UCHIC / iUTAHData

The iUTAH Modeling and Data Federation website - data.iutahepscor.org.
BSD 3-Clause "New" or "Revised" License
1 stars 1 forks source link

Duplicate files at several sites #83

Closed AmberSJones closed 7 years ago

AmberSJones commented 7 years ago

I have noticed that duplicate files have been uploaded to both ckan and HydroShare for several sites. The files are typically for 2014 or 2015. When I open the files, it appears that they are the same, but some of them don't have the same number of values, etc. I haven't had a chance to look closely to try to figure out any issues. The sites that I have noticed are all in Logan River: LR_FB_C LR_GC_C LR_MainStreet_BA LR_TG_C LR_Mendon_AA

(I started removing the apparent duplicates from a few of the landing pages before I realized how widespread it was, so they might not all show up). image

fryarludwig commented 7 years ago

Looking into this. The issue may be with an older version of the script being run on someone else's computer, probably as part of testing. The logs on the 'official' version of the uploading script show that no extra files were created on this latest upload, and there are no duplicate files that resemble what we're seeing on CKAN/HydroShare.
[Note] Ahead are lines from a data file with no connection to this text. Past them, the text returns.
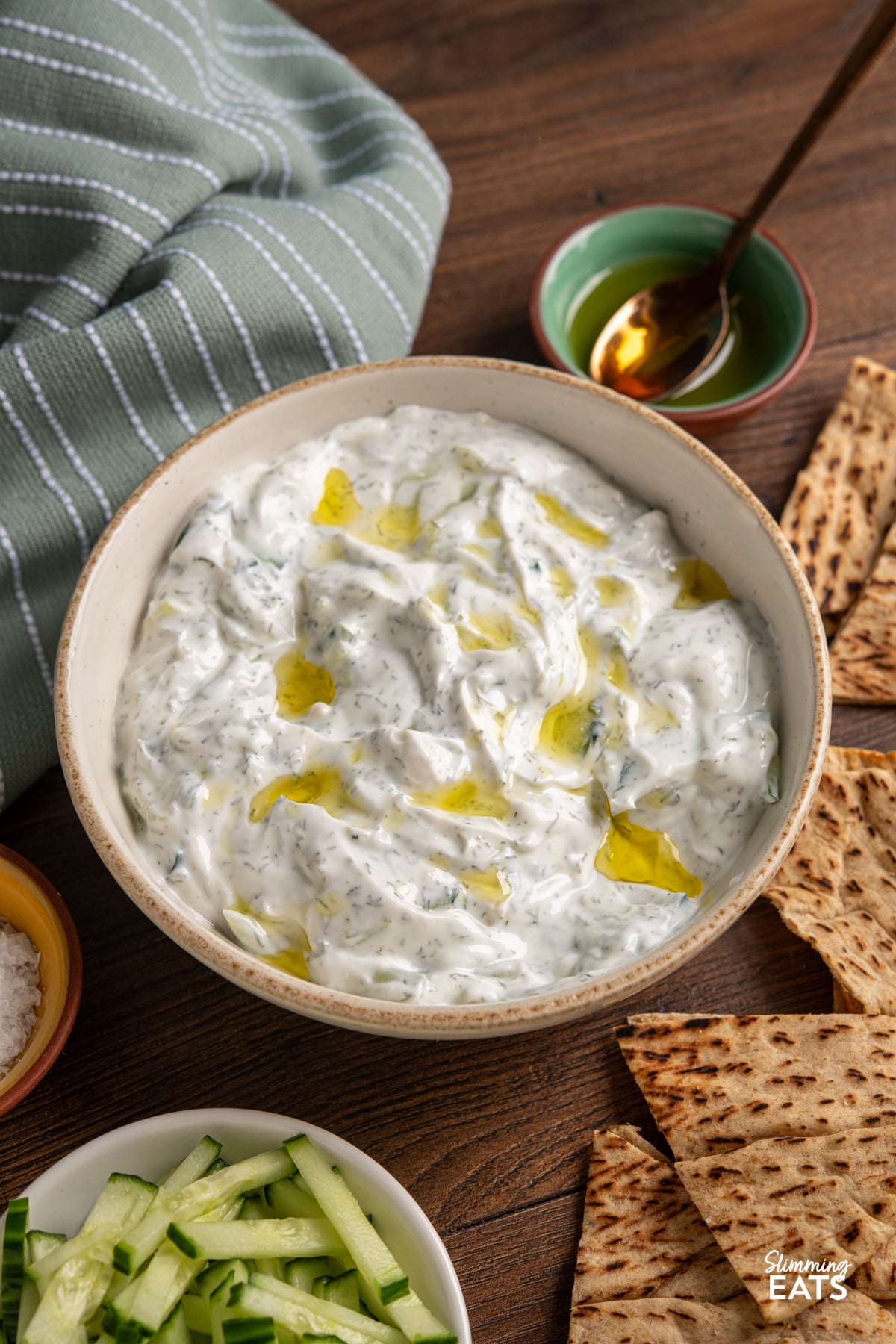 This easy tzatziki dip is cool, creamy and packed with fresh flavour, making it perfect for dipping, drizzling or serving alongside all your favourite Mediterranean-inspired dishes. Easy Tzatziki Dip in a bowl surrounded by pitta and bowls with salt, cucumber and olive oil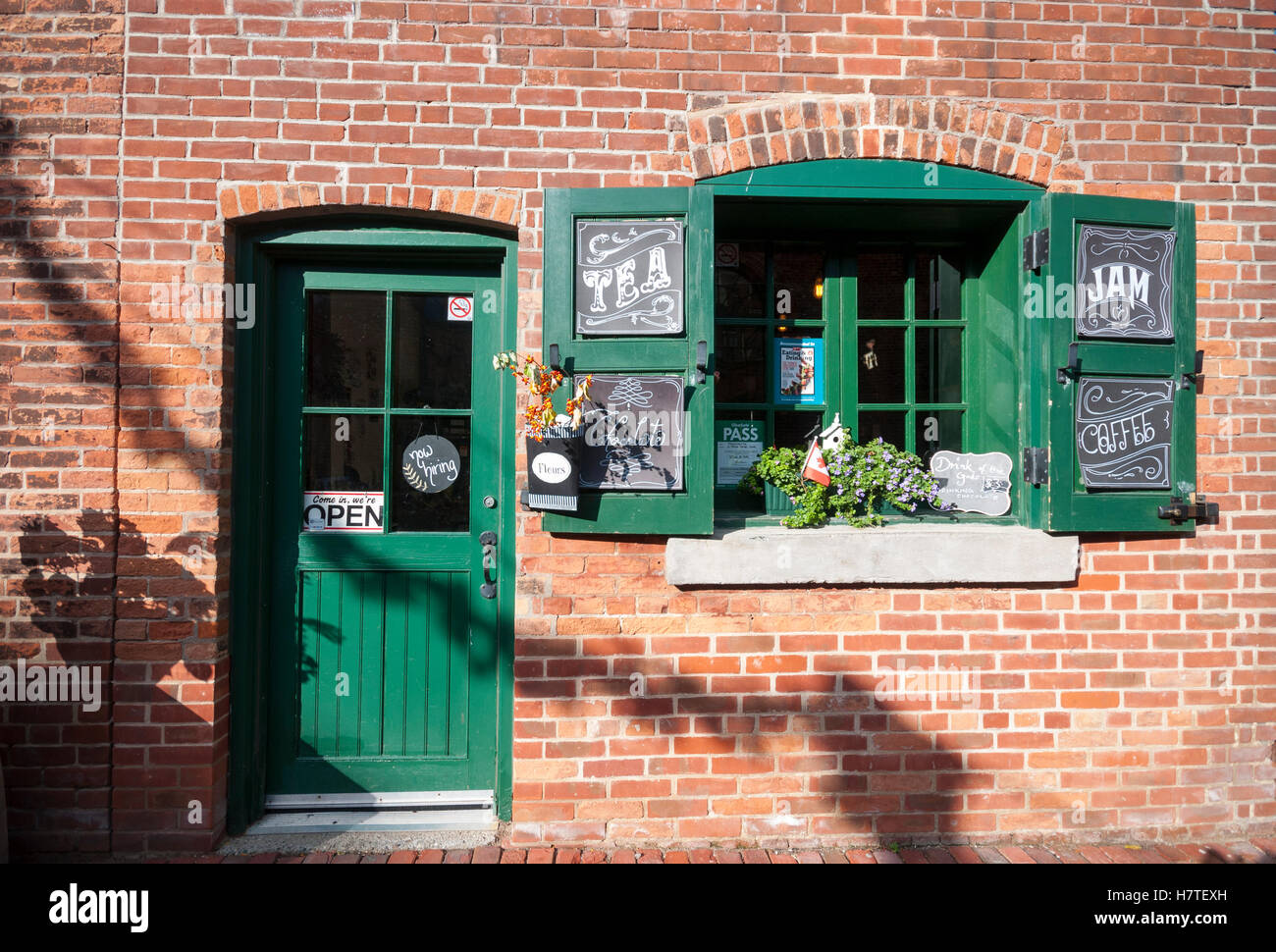 A small outdoor cafe in the popular Distillery district, a  tourist and residential area Toronto Ontario Canada Stock Photo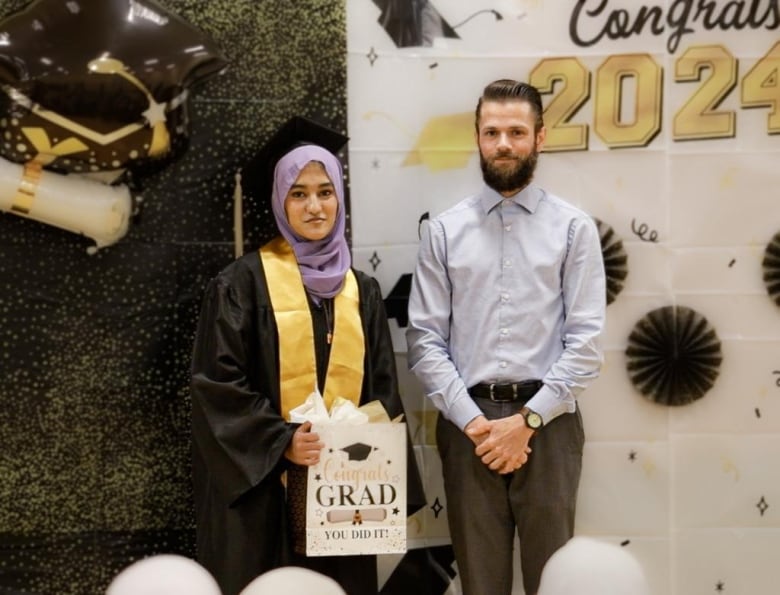 A young woman in a black graduation gown stands next to a bearded man with a collared shirt, standing with his hands clasped.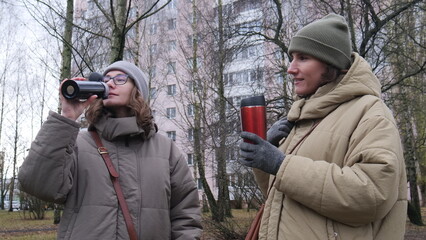 Two young women in park parkas and beanies warming up with reusable thermo cups on a cold morning, chatting and smiling during a cozy urban break together © Aliaksandr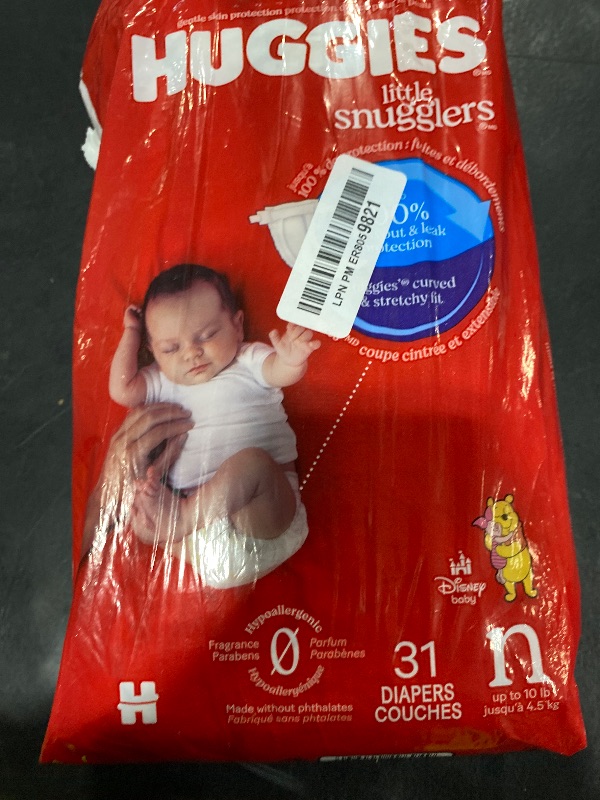 Photo 1 of Huggies Size Newborn Diapers, Little Snugglers Baby Diapers, Size Newborn (up to 10 lbs), 31 Count, Packaging May Vary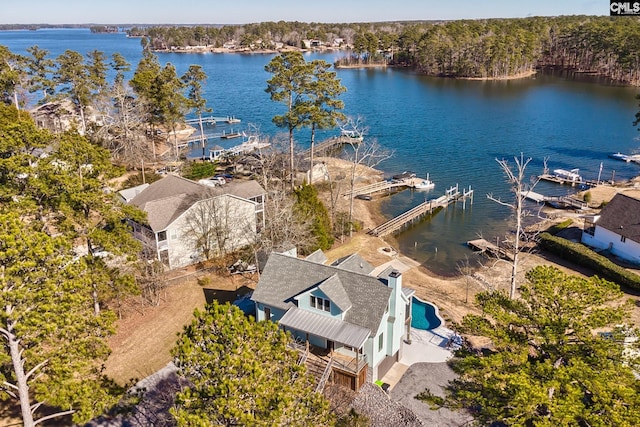 drone / aerial view with a water view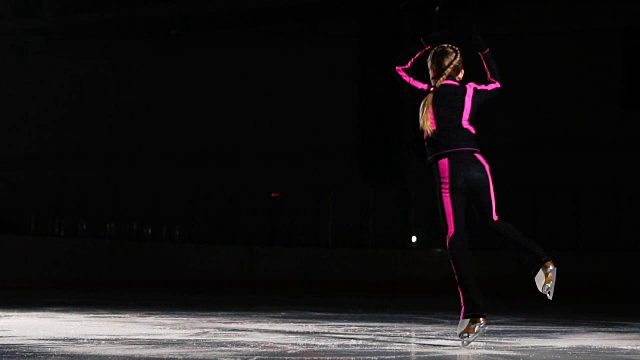 一名专业的滑冰运动员在冰上的空中旋转着表演跳跃动作。小女孩参加花样滑冰比赛视频素材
As a side note, I can have the script remove the duplicates from HS automatically, but that functionality isn't built into the CKAN side of the tool.
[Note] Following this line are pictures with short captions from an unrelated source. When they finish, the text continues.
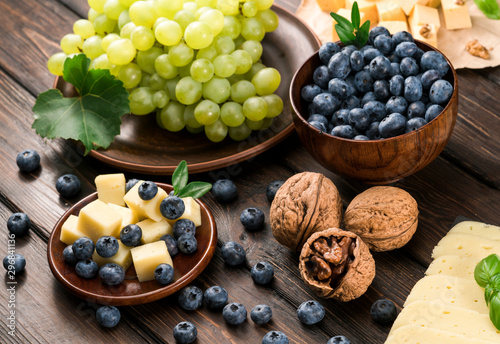 .cheese grapes and blueberries on a wooden background
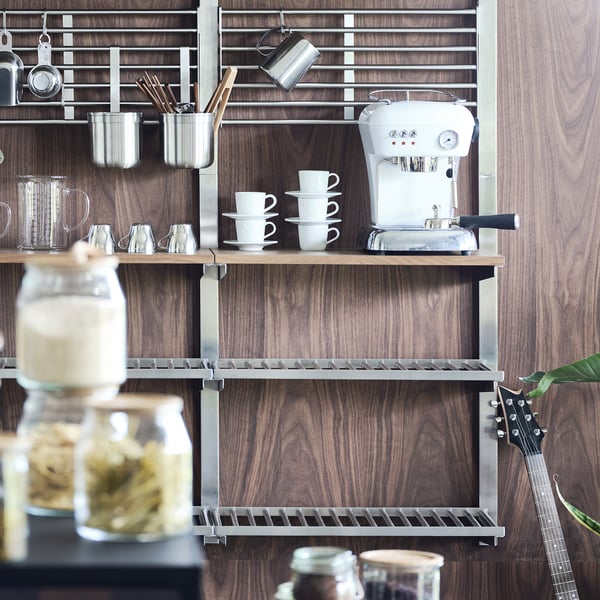 Wooden shelves display an espresso machine, stacked white cups, and jars. A guitar leans against the wall.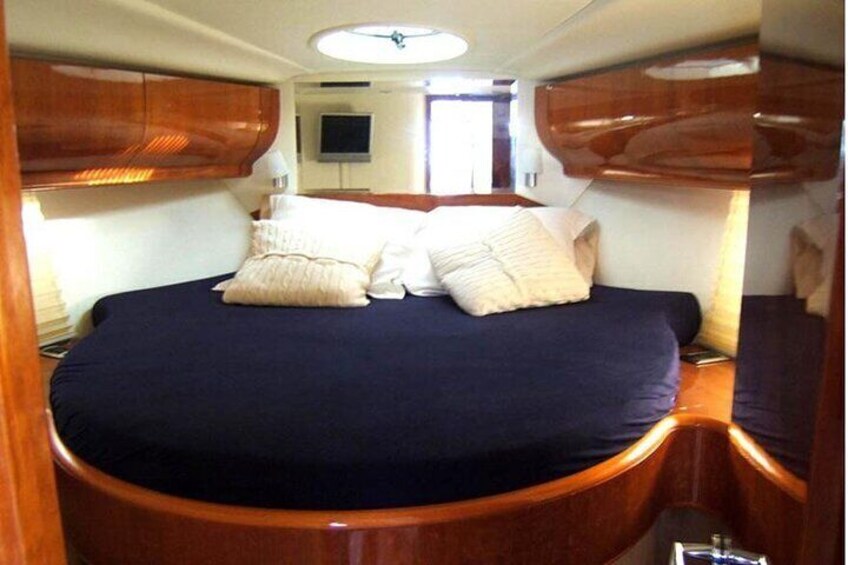 A compact, well-lit cabin with a bed, wooden cabinetry, and a television. 1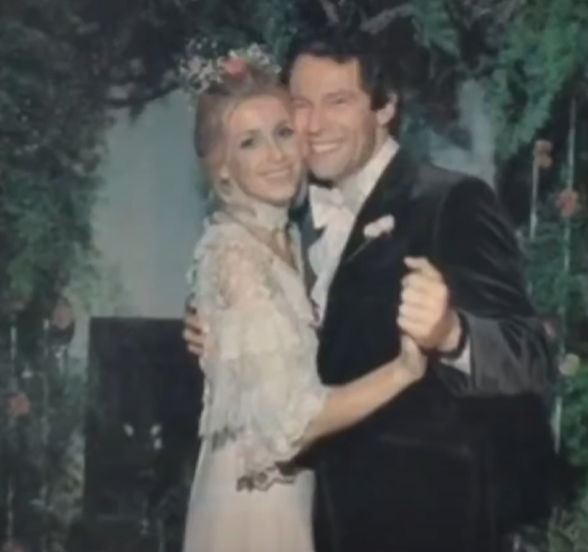 An older photo of Suzanne Somers and Alan Hamel smiling as they hold hands. She's wearing a dress and he's wearing a suit.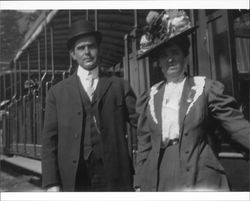 Walter S. Neil standing with an unidentified woman in front of a railroad car - possibly the Mount Tamalpais Scenic Railway, Mill Valley, California, about 1908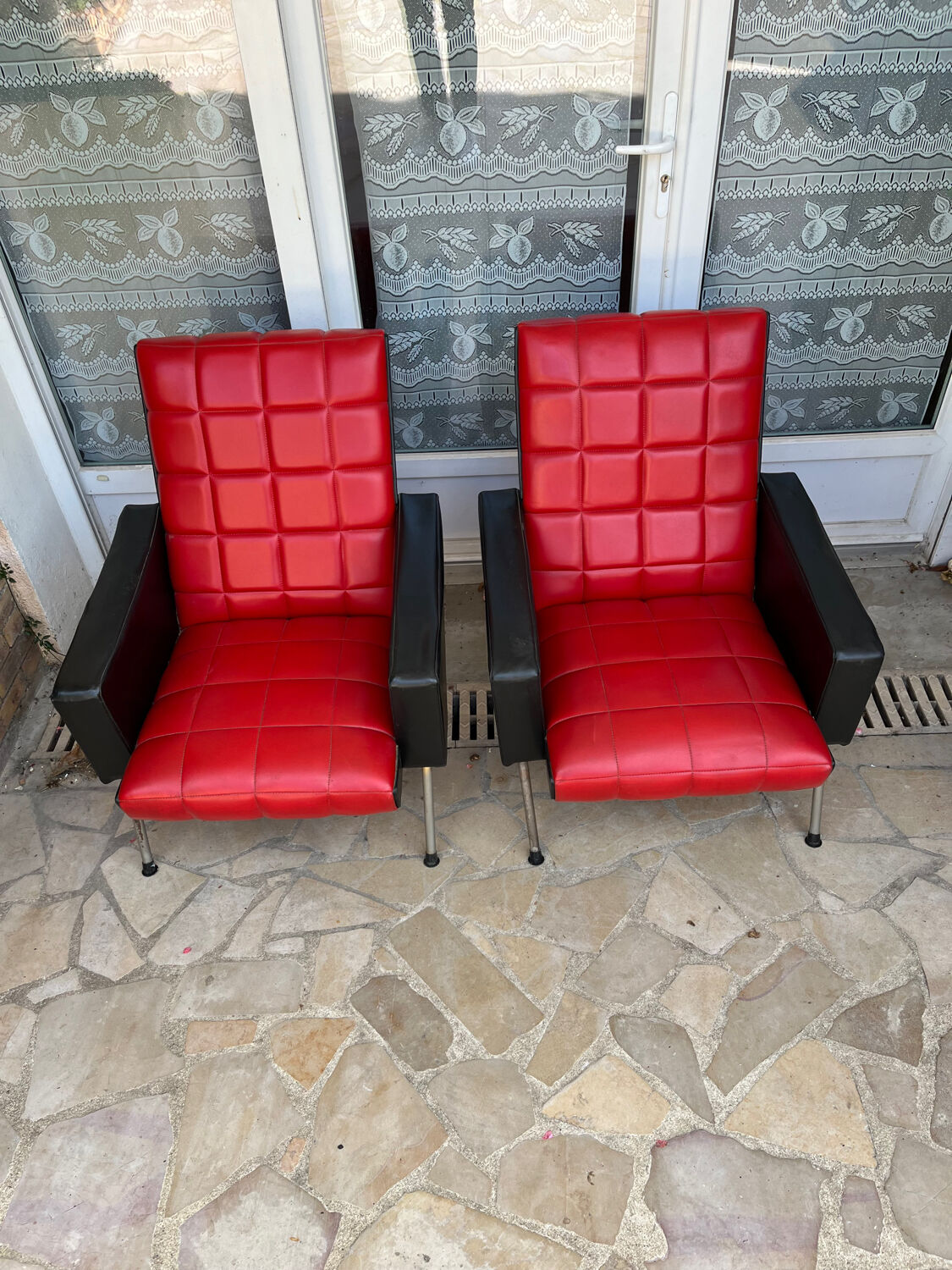 Pair of vintage armchairs in red and black Skai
I'll let you know when I find out more.

fryarludwig commented 7 years ago

Duplicate files on HydroShare were removed. HydroShare's duplicate-file naming scheme is FileName_random_chars.Extension, which accounted for about half the duplicates. The other half were Windows (Mac too?) style, with a sequential number in parenthesis. I've also updated the code in iUtahUtilities and merged with Master, so we should make sure we only use the newest version of that when mass-uploading iUtah GAMUT's raw data.

CKAN is still in the current state, and makes a bit less sense to me. The duplicate files show they were last updated in Jan. 2015. I can create an automated way to remove the duplicates if you want, or they can be removed manually.

AmberSJones commented 7 years ago

I'm not too worried about ckan, but I want to make sure that the HydroShare side of things is clean and correct. Do you have any sort of check enabled to make sure that this doesn't crop up again?

I'll close the issue.

fryarludwig commented 7 years ago

I pushed a version to master that removes duplicates of each file it uploads to HydroShare by default. This won't completely fix the issue if it crops up again, but it'll make sure the latest versions of our data never have duplicates.